■ Your task: The whole listing below needs to be duplicated exactly, pictures aside.

■ Source data:

*** Begin section ***

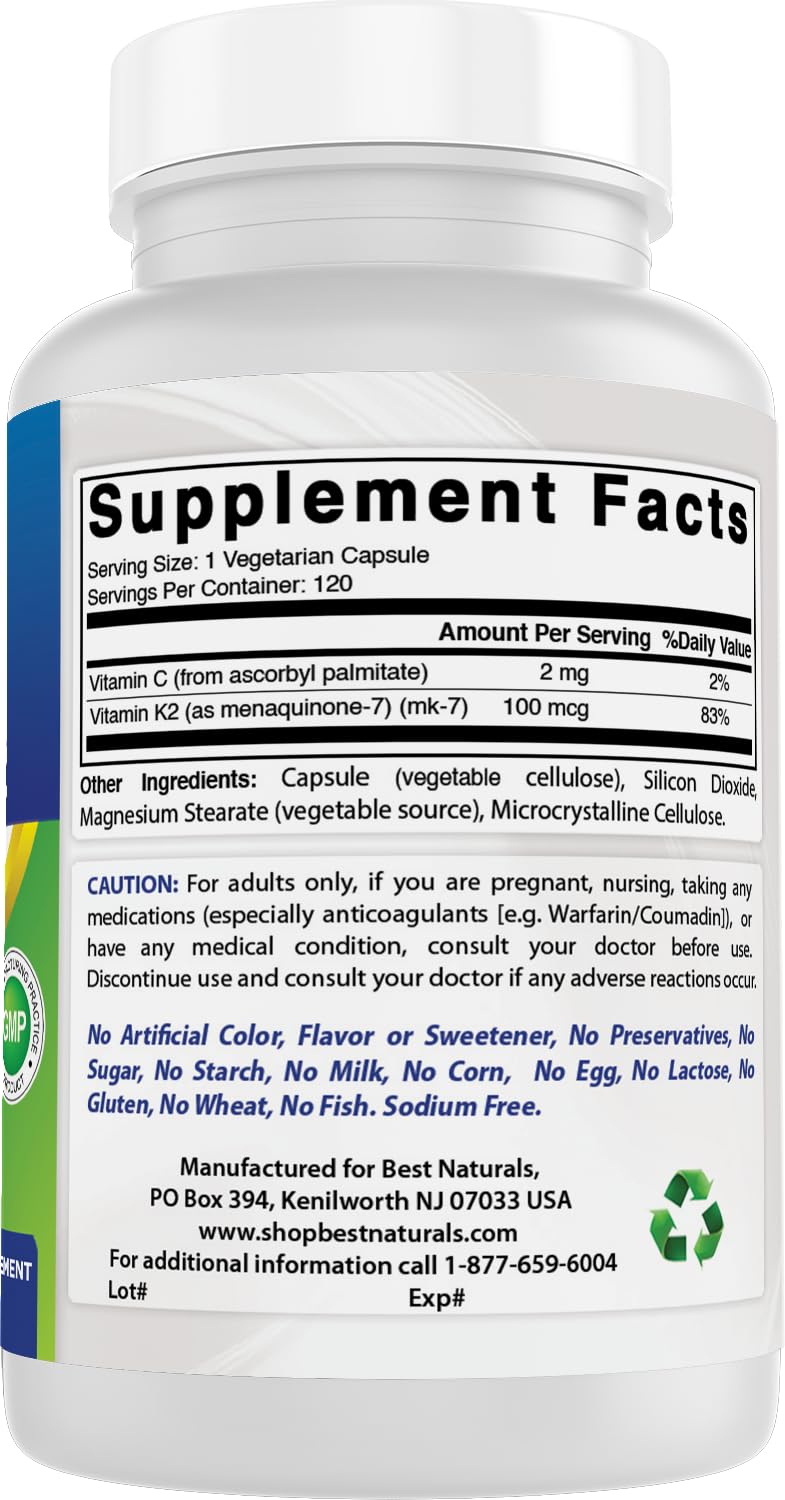 Best Naturals botella abierta con cápsulas verificadas para dosificación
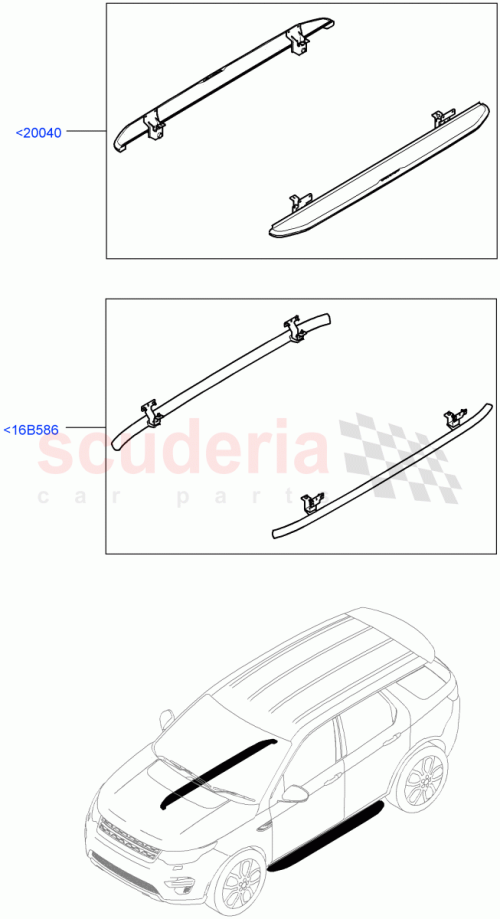 Part Diagram for Land Rover VPLCP0209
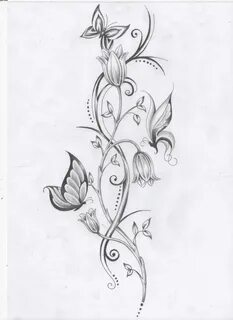 flower vine tattoos - Google Search Blumenranken tattoo, Blu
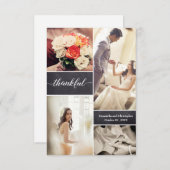 Carte De Remerciements Mariage Photo Collage tableau noir MerciFul (Devant / Derrière)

*** End section ***

■ Exercise solution:
 Best Naturals botella abierta con cápsulas verificadas para dosificación
 Part Diagram for Land Rover VPLCP0209
 flower vine tattoos - Google Search Blumenranken tattoo, Blu
 Carte De Remerciements Mariage Photo Collage tableau noir MerciFul (Devant / Derrière)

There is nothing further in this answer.